Baca: Kerajaan Gaib di Waduk Bunder

Sontak, gemuruh erupsi dan kobaran serta asap api ditambah dengan suara Gong Kiai Pradah yang dirasakan sangat menusuk telinga dan menggetarkan jantung membuat pasukan Pajang tercekam. Melihat suasana yang sangat tidak menguntungkan, akhirnya, Sultan Hadiwijaya memutuskan untuk segera mundur secepat-cepatnya ….

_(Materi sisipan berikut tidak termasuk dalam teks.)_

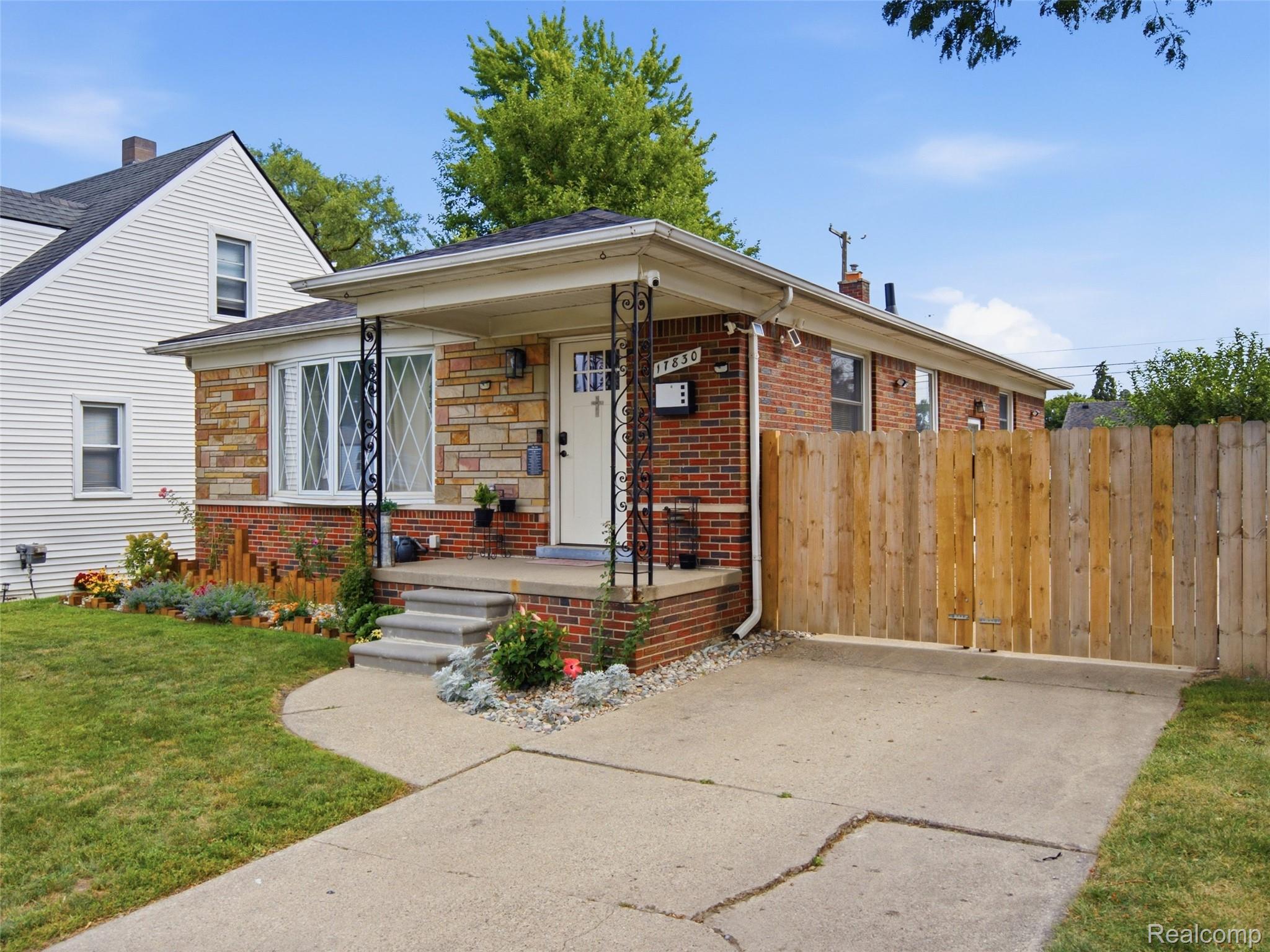 17830 Martin Road Property Photo 7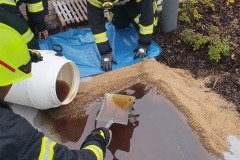 Auslaufendes Hydrauliköl musste gebunden werden.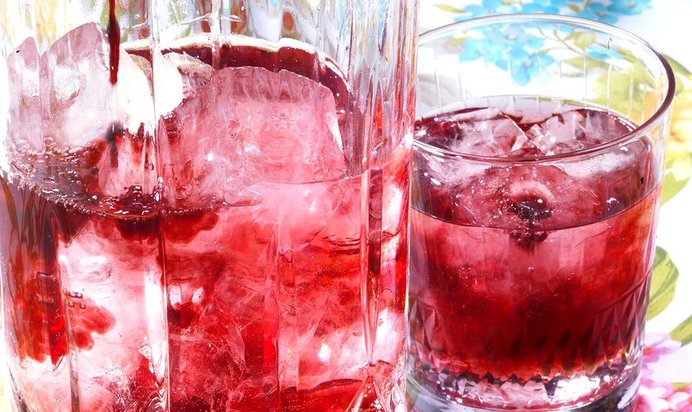 Малиновый джин-тоник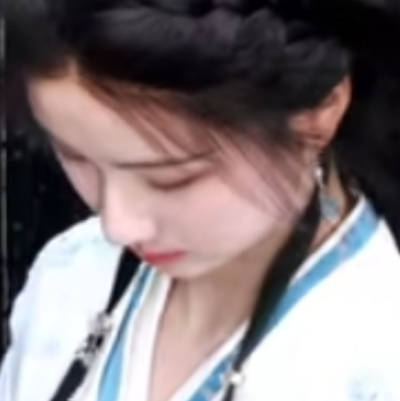 季郁粼，摇曳一春的梦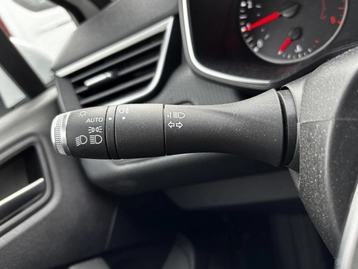 Image véhicule  Renault CLIO (9)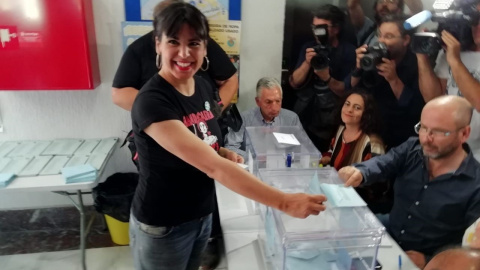 La coordinadora general de Podemos Andalucía, Teresa Rodríguez, en el momento de depositar su voto.- EP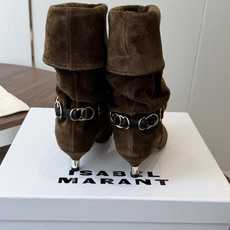 Isabel Marant 伊莎贝尔 26ss 少女感 一眼就心动 一脚蹬平底短靴 isabel marant Isabel Marant 伊莎贝尔 26ss 少女感 一眼就心动 一脚蹬平底短靴 isabel marant
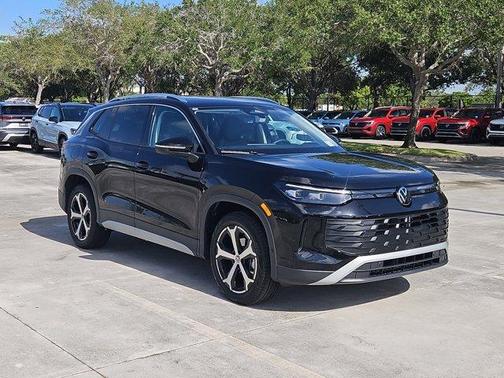 2025 Volkswagen Tiguan 2.0T SE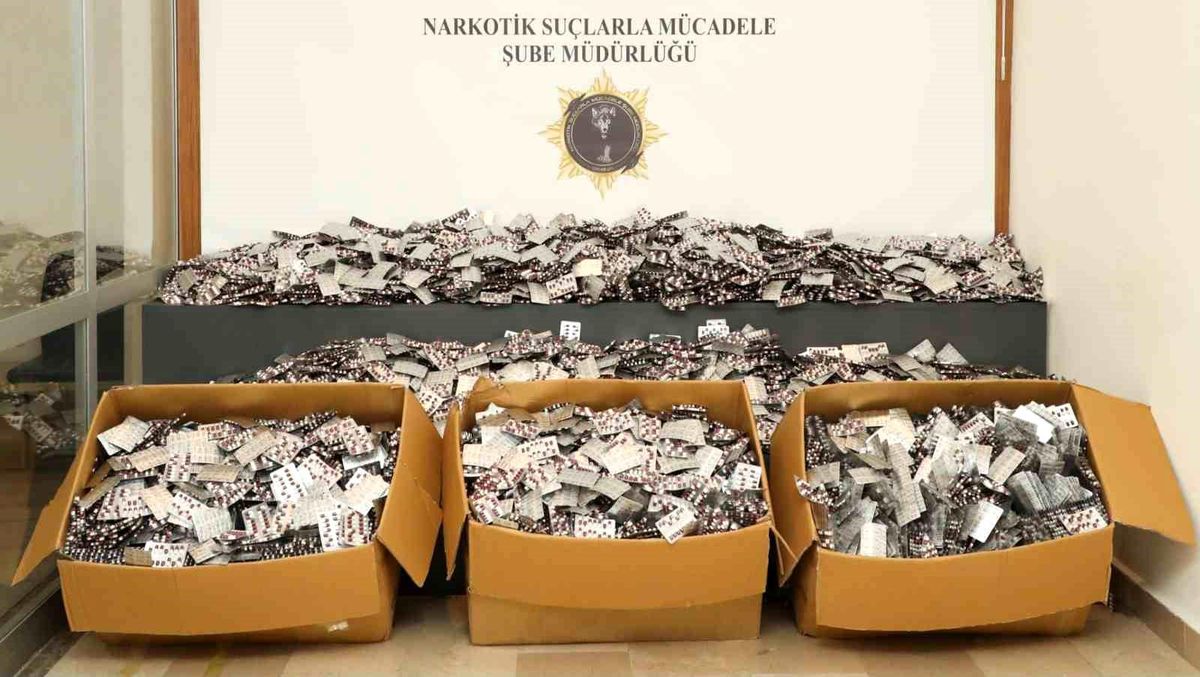 Samsun\'da 184 Bin Uyuşturucu Hap Ele Geçirildi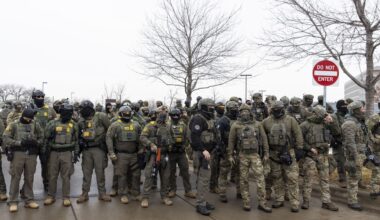 Pentagon readies 1,500 troops for potential Minnesota deployment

Seiring dengan perjalanan sang waktu, akhirnya, benda pusaka tersebut jatuh ke tangan Pangeran Prabu, bersamaan dengan penobatan Sri Susuhunan Pakubuwono I yang merupakan saudara tirinya — padahal, sejatinya, Pangeran Prabu sakit hati bahkan berniat membunuh Sri Susuhunan Pakubuwono I. Karena ketahuan, maka, Pangeran Prabu pun mendapatkan hukuman dibuang ke salah satu hutan yang sangat angker dan lebat di bilangan Blitar, Jawa Timur.

Sumur Ketandan Keraton Kasepuhan: Mampu Melunturkan Sihir dan penyakit

Pangeran Prabu, Putri Wandansari (istri), dan Ki Amat Tariman abdi setianya pun berangkat dengan tak lupa membawa Gong Pusaka Kyai Bicak. Tujuannya, agar pusaka tersebut dapat melindungi mereka dari pelbagai marabahaya. Maklum, Hutan Lodaya, pada masa itu merupakan daerah yang sangat terkenal keangkerannya yang oleh sebagian besar orang digambarkan sebagaimana; jalma mara jalma mati, setan mara setan mati, sato mara sato mati, manungsa mara manungsa mati.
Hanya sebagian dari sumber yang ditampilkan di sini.